Ehm... First of all, there is way more to encoding and decoding the signal than just re-sequencing issues. Secondly, a change to the DOCSIS spec won't help on an xDSL connection.

 

2 hours ago, PCGeek said:

My experience generally takes all the other factors you mentioned into consideration.

Can you please give me a formula for how you calculated what latency OP should have? If you're claiming that you're taking all those other factors into consideration then you must have some pretty complicated formula.

 

2 hours ago, PCGeek said:

Also latency is limited by distance since you can't travel faster than the speed of light.

Well of course. It's limited how long the latency can be, but not how high.

 

The problem is that by saying something like "you should only have 20ms" when you know next to nothing about OP can be extremely misleading. Not only will he think something is majority wrong even if it turned out his latency was just fine, but other people seeing that post might also get the wrong impression.

We have no idea what latency OP should be expecting.
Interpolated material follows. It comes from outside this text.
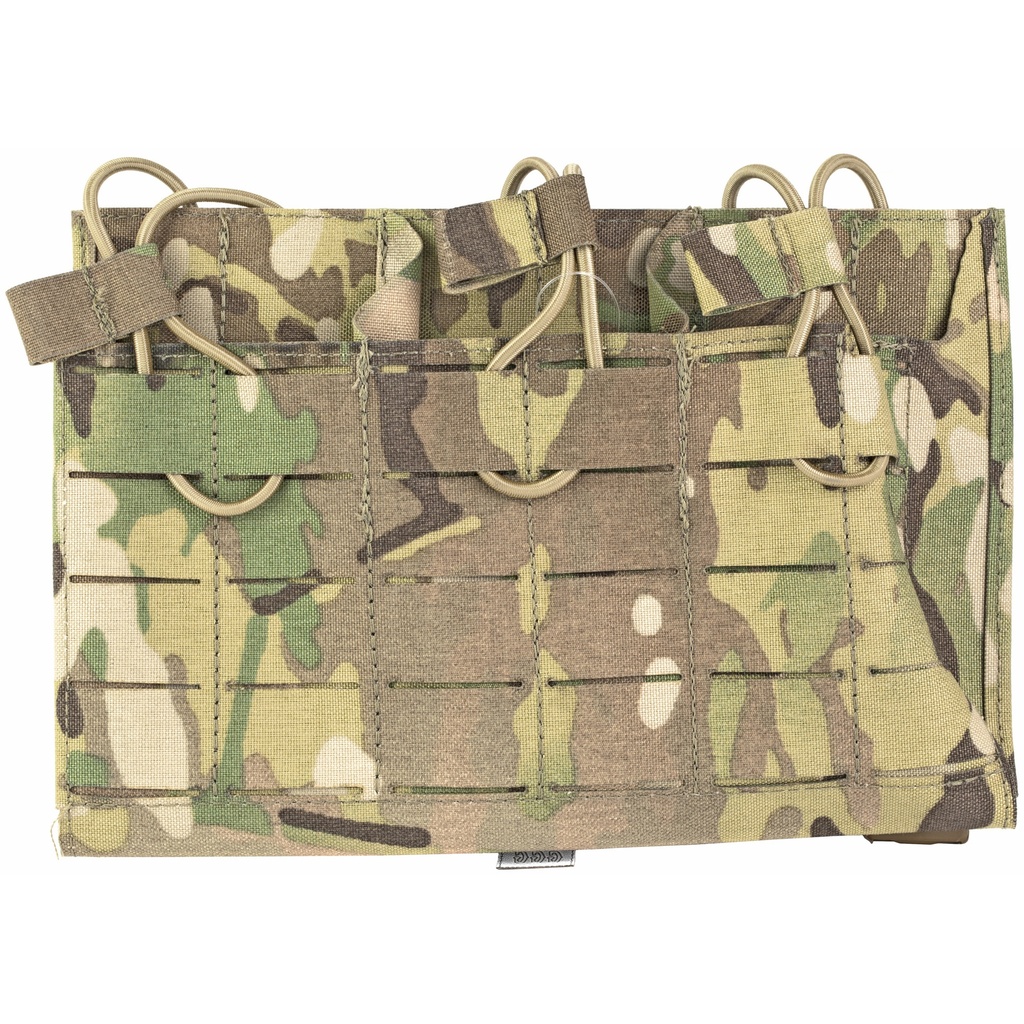 GGG COMP TRIPLE MAG PANEL 5.56 MULTI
All we can say is that 300ms seems very high and he should try and lower it, but saying that he should be getting 20ms can be very misleading.

 

For example if OP is sitting on a xDSL line which has problem with noise, then his ISP might be using a high interleave setting to counter that, as without it even a small amount of noise burst could cause the OP to completely lose his connection. You can't say the ISP is in the wrong for caring more about having a stable connection, rather than one with low latency.

That's just one of the many examples of why different connection types can have different latency. There are many, many, many more reasons why your latency might be different, that isn't "because you're X miles away".